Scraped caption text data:
[Start of Attachment]

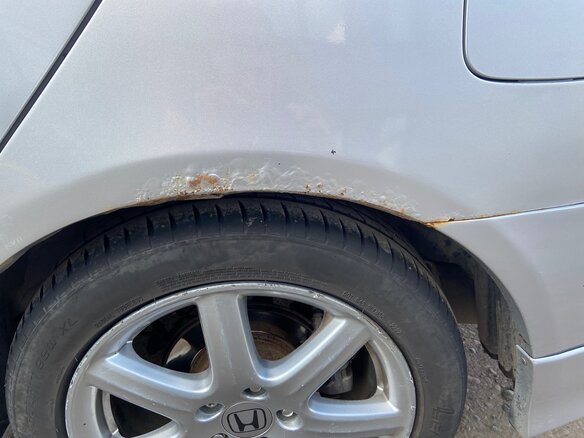2003 Honda Accord VII, серебристый, 780000 рублей - вид 6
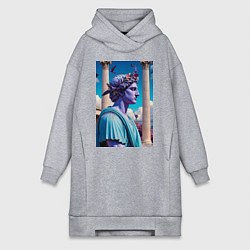 Женская толстовка-платье Античный герой и архитектура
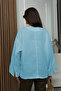 Muslin Embroidered Tie Kimono Shirt - 4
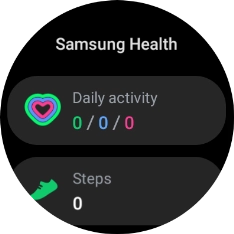 Under Daily activity, you can see how far you are from completing your daily activity goals. Under Daily activity, you can see how far you are from completing your daily activity goals.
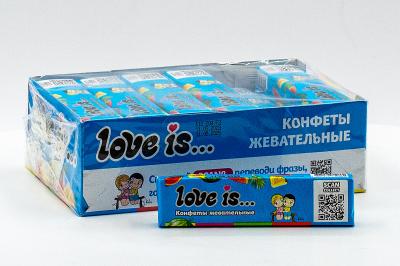 Конфеты жевательные Love is Арбуз-Тропик 20 гр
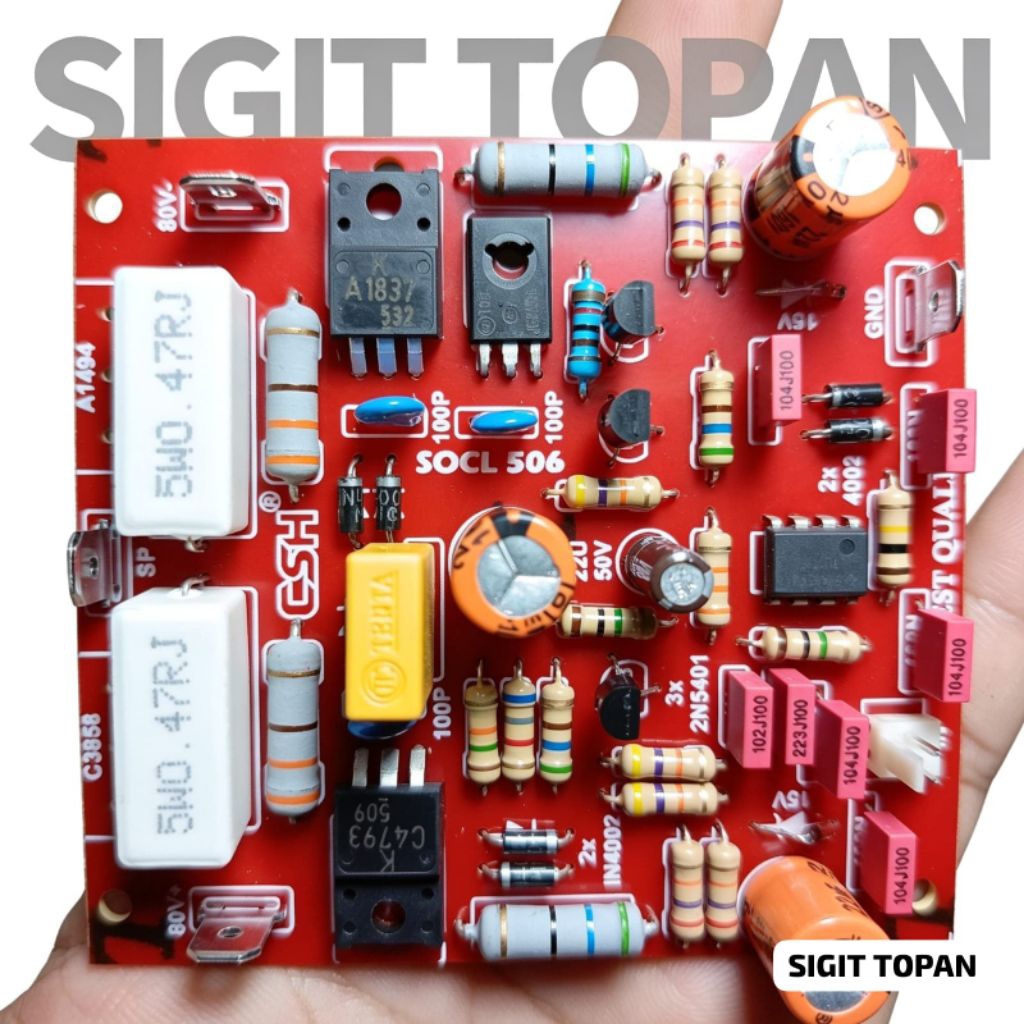 KIT DRIVER SOCL 506 KOMPONEN BAGUS (ORIGINALTRANSISTOR)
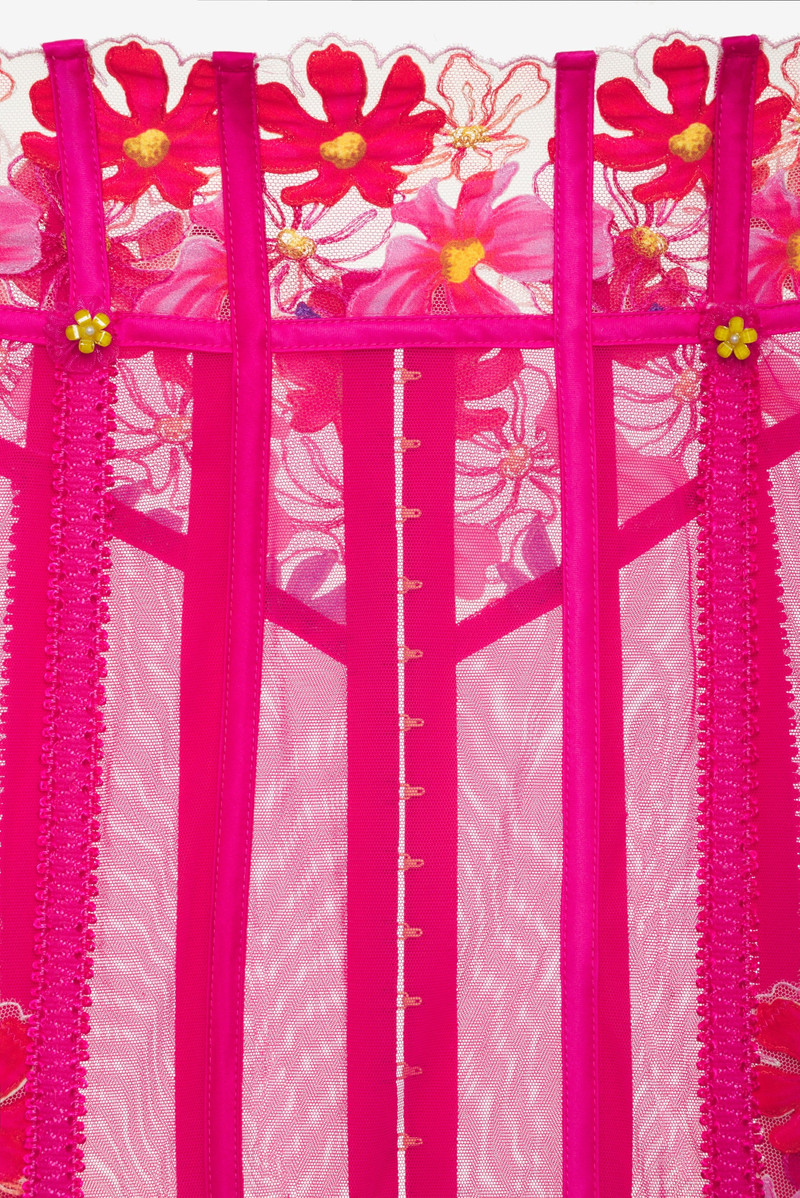 Anemone Floral Garter Skirt 3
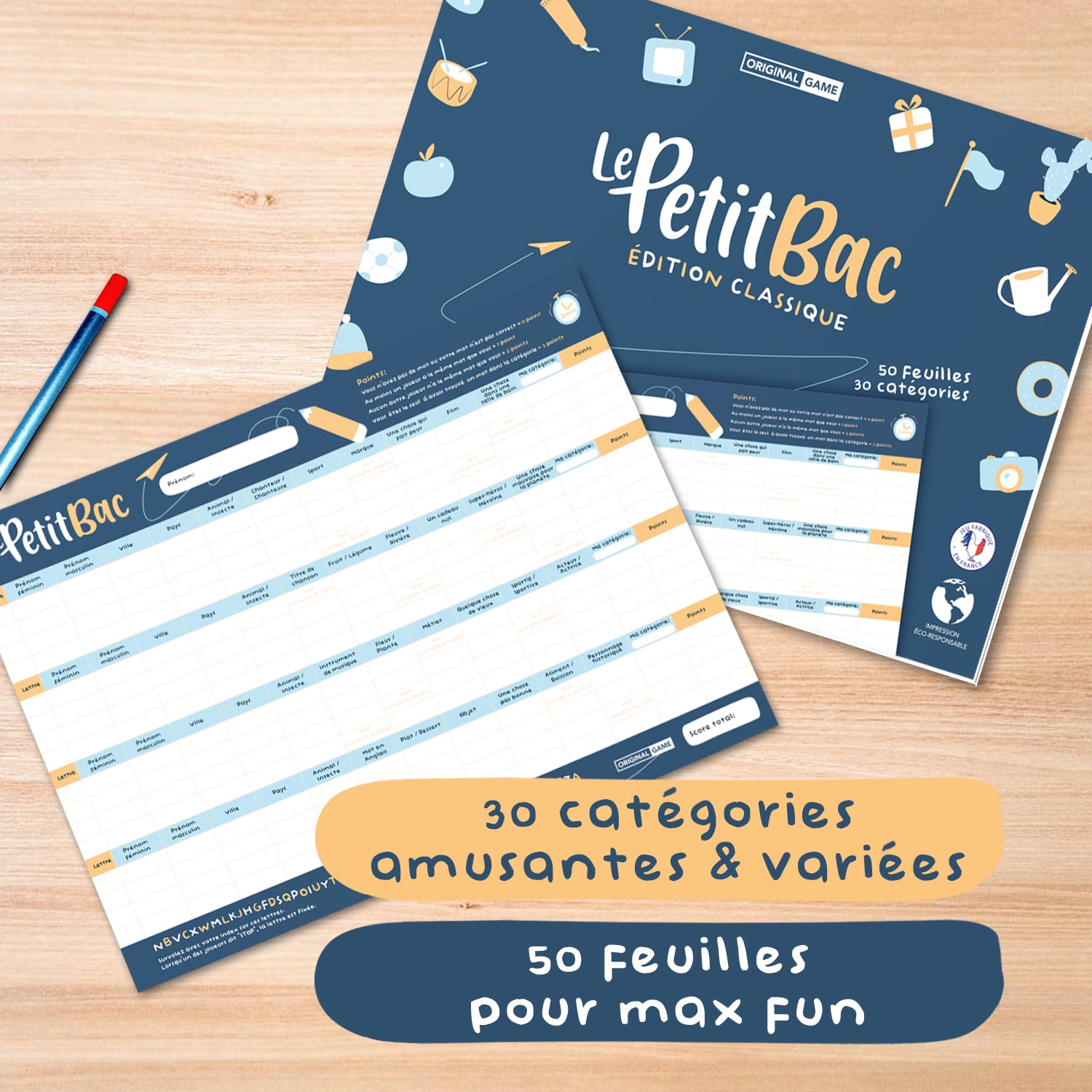 Jeu de société – Le Petit Bac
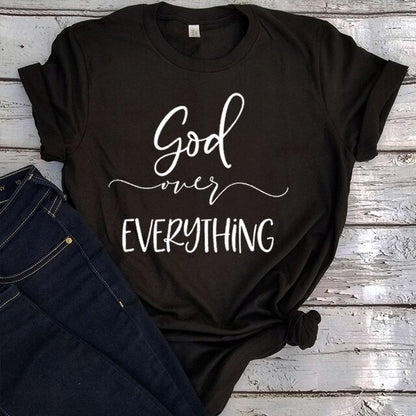 God Shirt Christian Tshirt Religious Tops Harajuku God Tee Faith Shirt Jesus Tops Vintage Religion Tee Inspirational m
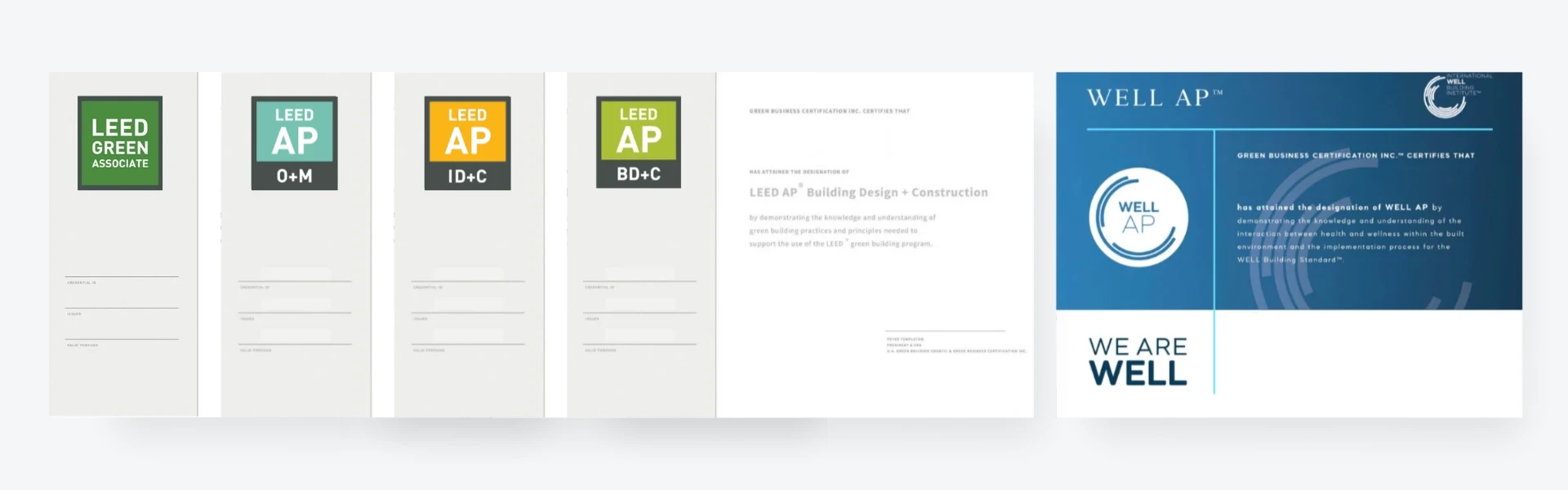 leed credentials group training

[End of Attachment]

Directions for this task:
Restating the data word for word is the task, and pictures are to be omitted.

Task result:
2003 Honda Accord VII, серебристый, 780000 рублей - вид 6
 Женская толстовка-платье Античный герой и архитектура
 Muslin Embroidered Tie Kimono Shirt - 4
 Under Daily activity, you can see how far you are from completing your daily activity goals. Under Daily activity, you can see how far you are from completing your daily activity goals.
 Конфеты жевательные Love is Арбуз-Тропик 20 гр
 KIT DRIVER SOCL 506 KOMPONEN BAGUS (ORIGINALTRANSISTOR)
 Anemone Floral Garter Skirt 3
 Jeu de société – Le Petit Bac
 God Shirt Christian Tshirt Religious Tops Harajuku God Tee Faith Shirt Jesus Tops Vintage Religion Tee Inspirational m
 leed credentials group training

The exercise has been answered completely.